The BRT has been widely applied in land science and urban heat island
researches in recent years for its superior performance in explaining
the complex relationship between response
variable and explanatory factors
(Sun et al., 2020; Elith et al., 2008). A BRT uses recursive binary
splitting to generate a regression tree algorithm and then uses boosting
to obtain the nonlinear relationship between the response and its
predictor variables. When the correlation coefficient between two
explanatory factors was ≥0.7, one of the predictor variable was removed.

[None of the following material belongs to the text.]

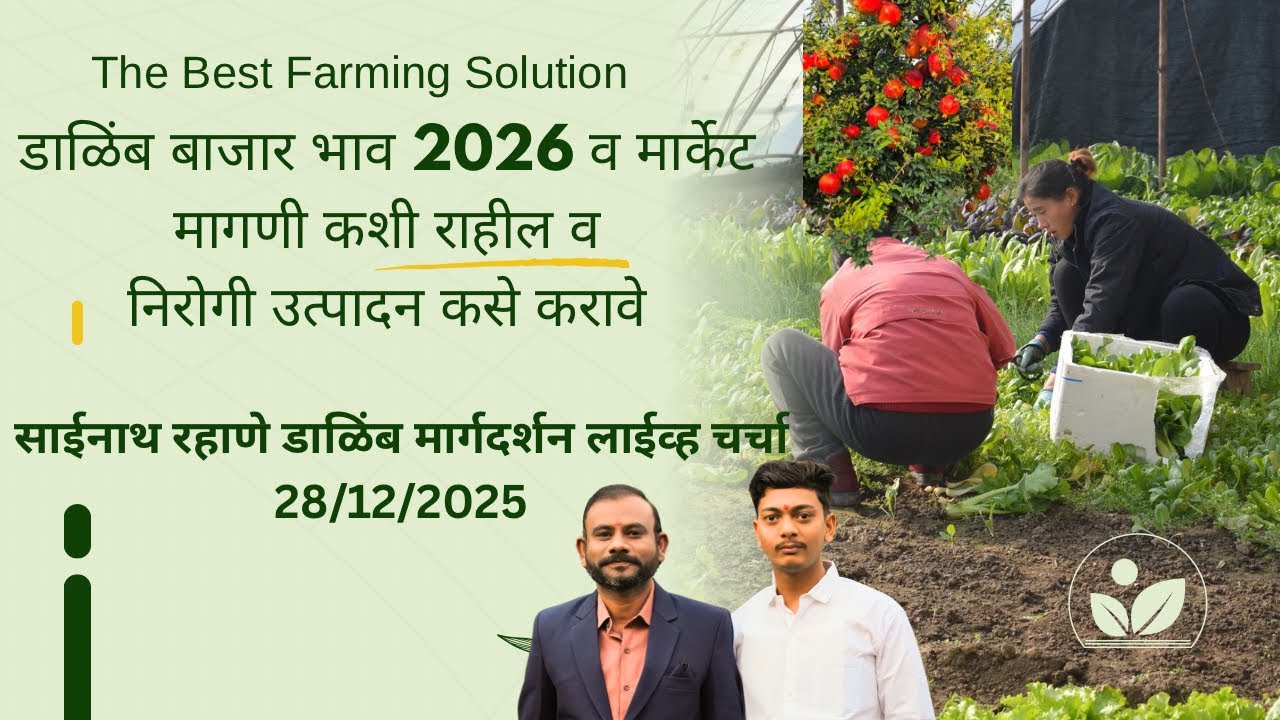 डाळिंब बाग बाजार भाव 2026 मागणी व उत्पादन कसे असेल साईनाथ रहाणे लाईव्ह चर्चा 28/12/2025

Finally, the percentage of impervious surface, population density, and
floor area ratio were removed. Additionally, the BRT model also outputs
partial dependency plots, which can concisely explain the marginal
effects of the explanatory factors. The marginal effects represent the
potential impact of the specific factor with other explanatory factors
holds constant. With the BRTs, the contributions of the selected
indicator were determined by the coefficients. The sum of the relative
contribution was 100%. Development of the BRT models was based on dismo
package of the R software. The main parameters of the BRT were set to
0.0001 (learning rate), 0.6 (bag fraction), 10 (tree complexity), and
10-fold cross validation.
2.7 Geographical detector model
The geographical detector model (GeoD) could identify the
interactive effect between
variables, which is a spatial analysis model based on the theory of
spatial heterogeneity (Song et al., 2020). It assesses the strength of
association between two variables by comparing the association which is
definited as 𝑞, which ranging from 0 to 1. A large value in 𝑞, indicates
the explanatory power is stronger.
The formula is as follows:
\begin{equation}
q=1-\frac{1}{N\sigma^{2}}\sum_{h=1}^{L}{N_{h}\sigma_{h}^{2}}\nonumber \\
\end{equation}Where, \(\sigma^{2}\ \)is the variance of the response variables; 𝑁 is
the number of category of the response variables; ℎ1……𝐿 is
the study population of the response variables.
The 𝑞 (𝑋1\(\cap\)𝑋2), which represents the interaction between the
factors (𝑋1, 𝑋2 … ), can be calculated by the interaction
detector. The interaction effect can be divided into 5 categories,
including: independent, nonlinear weaken (NW), nonlinear enhancement
(NE), single-factor nonlinear weaken
(SNW), double-factor enhancement
(DE), and independent (I) (Yan et al., 2021). Additionally, the model
requires category variables. Here, K-means method is used to convert the
response and explanatory variables into
category variables. Development
of the GeoD models was based on the R-software, “GD 1.10” package.